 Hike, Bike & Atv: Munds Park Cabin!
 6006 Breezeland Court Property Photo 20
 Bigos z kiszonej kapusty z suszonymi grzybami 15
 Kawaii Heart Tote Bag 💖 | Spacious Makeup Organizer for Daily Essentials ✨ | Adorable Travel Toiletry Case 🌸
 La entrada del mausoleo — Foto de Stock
——
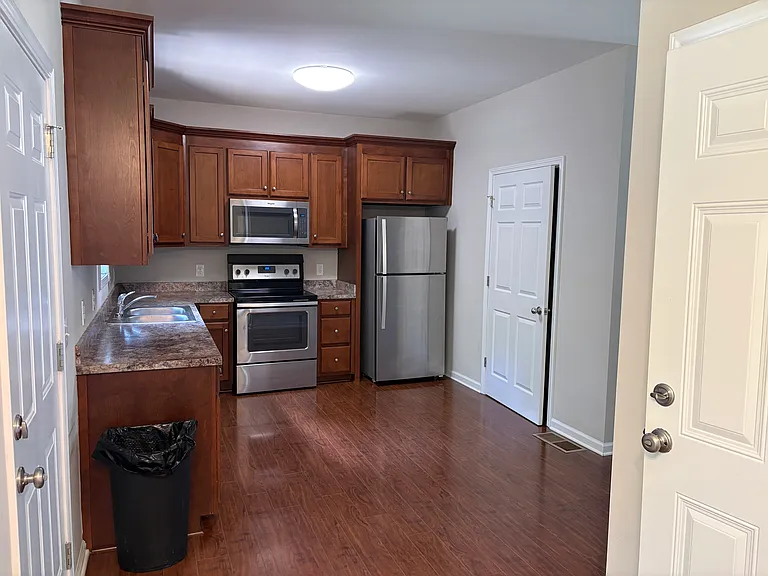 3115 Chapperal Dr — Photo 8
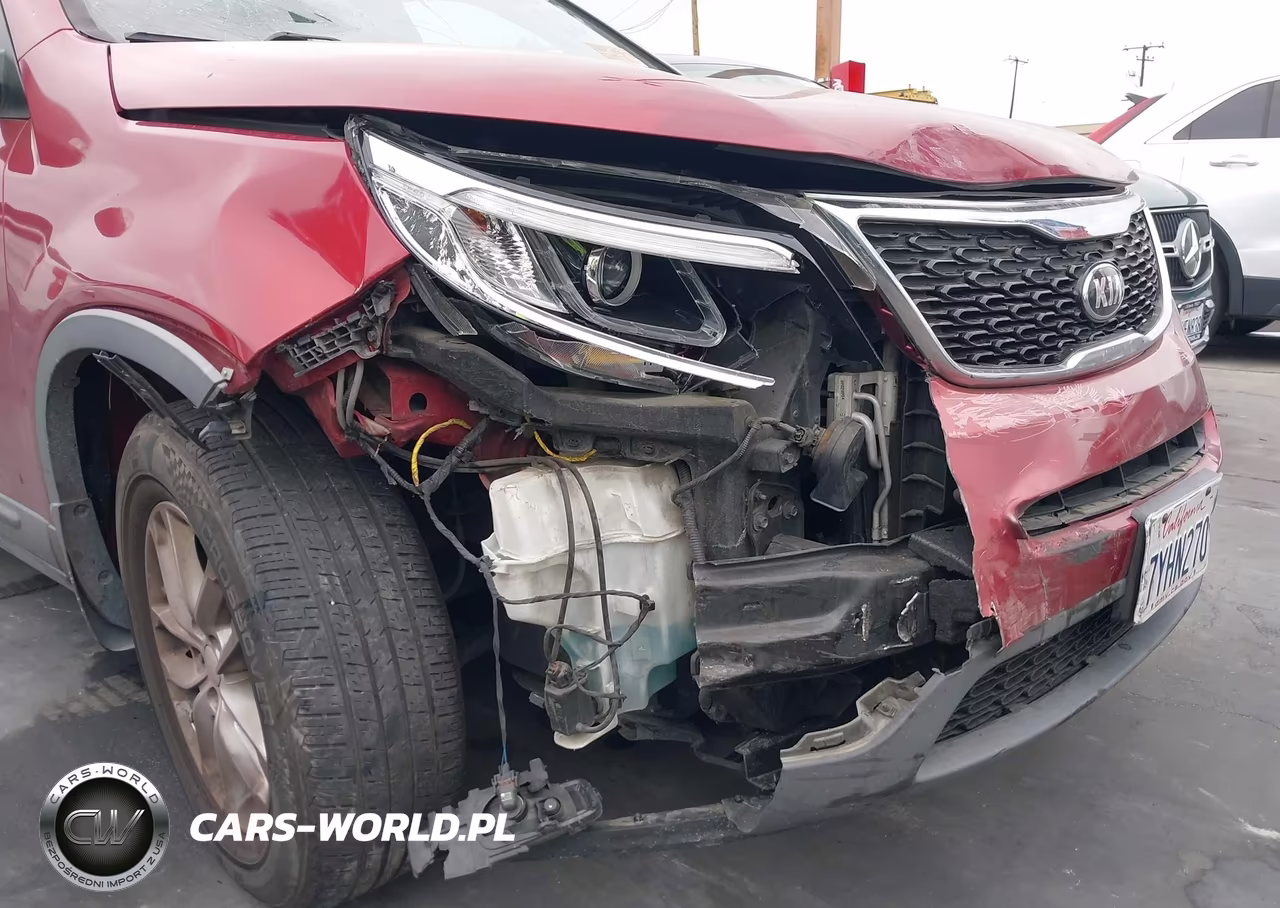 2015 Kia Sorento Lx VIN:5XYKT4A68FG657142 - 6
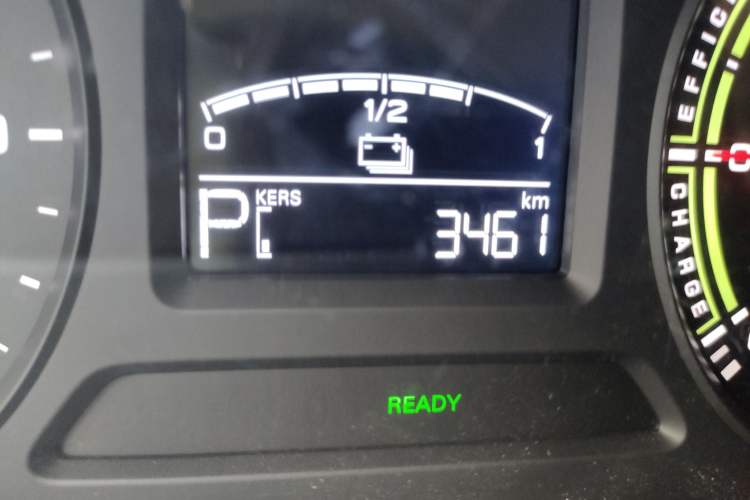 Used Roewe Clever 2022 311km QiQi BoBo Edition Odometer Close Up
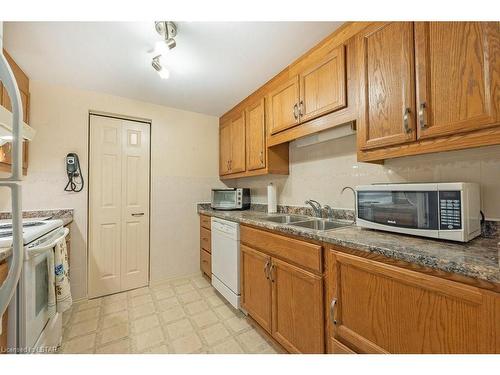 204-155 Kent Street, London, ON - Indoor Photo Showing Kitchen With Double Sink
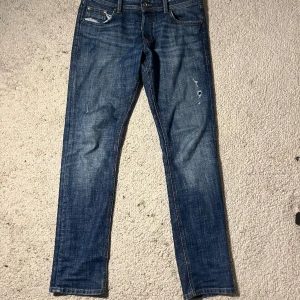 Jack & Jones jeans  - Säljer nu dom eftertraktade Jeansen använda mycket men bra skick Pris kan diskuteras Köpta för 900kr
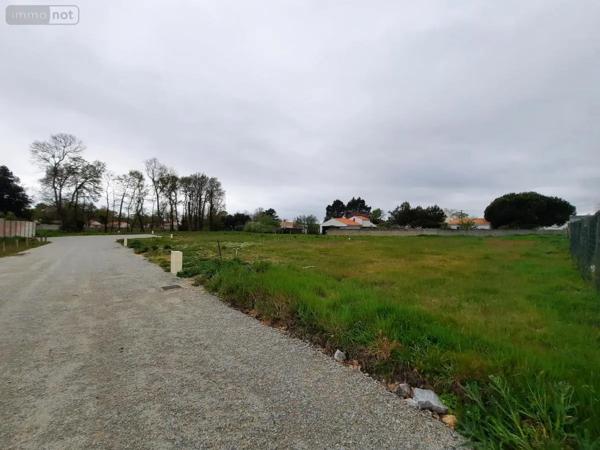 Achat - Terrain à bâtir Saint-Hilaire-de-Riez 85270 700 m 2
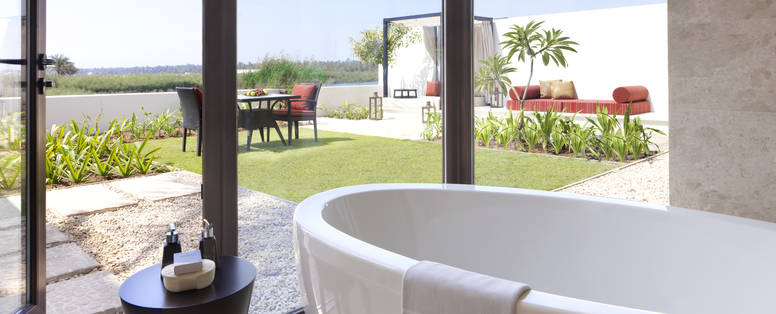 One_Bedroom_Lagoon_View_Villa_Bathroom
——
### ASSIGNMENT
Please return the material above only from the line that holds "Jack & Jones" through the line that holds "One_Bedroom_Lagoon_View_Villa_Bathroom", exactly as it stands, ends included and pictures omitted.

### OUTPUT
 Jack & Jones jeans  - Säljer nu dom eftertraktade Jeansen använda mycket men bra skick Pris kan diskuteras Köpta för 900kr
 Achat - Terrain à bâtir Saint-Hilaire-de-Riez 85270 700 m 2
 One_Bedroom_Lagoon_View_Villa_Bathroom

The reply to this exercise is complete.